A Crime Scene Investigation unit sits parked outside the Jewish Community Center on April 14, 2014 in Overland Park, Kansas. (Jamie Squire/Getty Images)

Four days after Frazier Glenn Miller shot and killed two people outside the Jewish Community Center of Greater Kansas City and a third person outside Village Shalom, a nearby Jewish retirement home, the JCC reopened to host an interfaith memorial service for the three victims. Miller, 72, a well-known anti-Semite who yelled “Heil Hitler” from the back of a police car after his arrest, made no secret of his decades-long vitriolic hatred of Jews. In a dark and morbid twist to the tragic shootings, which took place the day before Passover, none of the victims were Jewish.

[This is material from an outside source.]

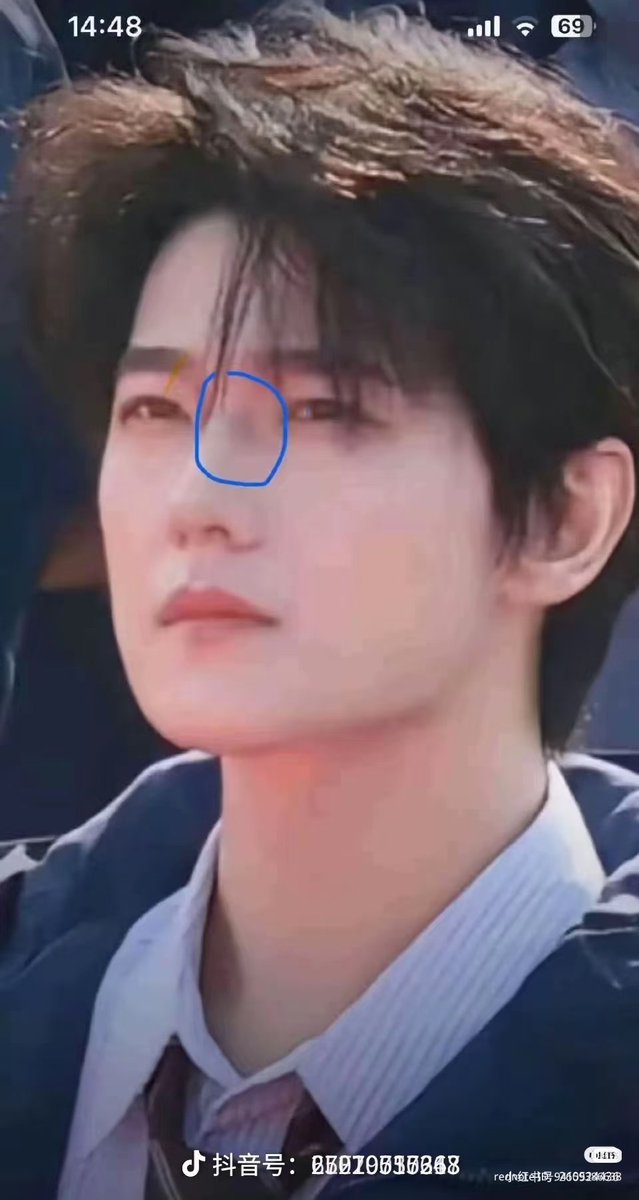Imfangirl17's tweet photo. People are blaming YY fans for this!! You People just need an excuse to hate YY . Before he got so  much hate for no reason he only do one drama per year . He work very hard for every single role he is injured so badly this time People still blaming him:( https://t.co/iiby12UBnN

The first two victims, William Lewis Corporon and his 14-year-old grandson Reat Griffin Underwood, a high school freshman who was at the JCC to audition for a local singing competition, were members of the United Methodist Church of the Resurrection in Leawood. The third victim, Terri LaManno, who was visiting her mother at Village Shalom when the shooting occurred, was a longtime parishioner at St. Peter’s Catholic Church in Kansas City along with her husband and children.

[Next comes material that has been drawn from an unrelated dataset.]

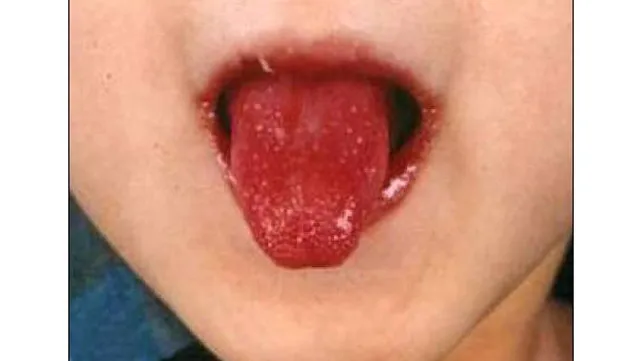 <p>8 yo has sore throat, chills, vomiting, exudative tonsillitis, pallor, and strawberry tongue with pasture lines. tx?</p>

This morning’s memorial, which was attended by U.S. General Attorney Eric Holder, was billed as an interfaith service of hope and unity, incorporating Jewish and Christian traditions in a moving repudiation of the hate that fueled Sunday’s attack. There was music and speakers who spanned the religious spectrum, all emphasizing the message that acts like these should unite communities, not divide them.

Reat Griffin Underwood’s father spoke of the diversity of crowd at the day’s event, adding that it’s not an unusual sight at the community center. “This place always looks like this,” he said. He also emphasized the importance of understanding across different communities: “With our connections, we have the power to move past hatred to a life based on love.”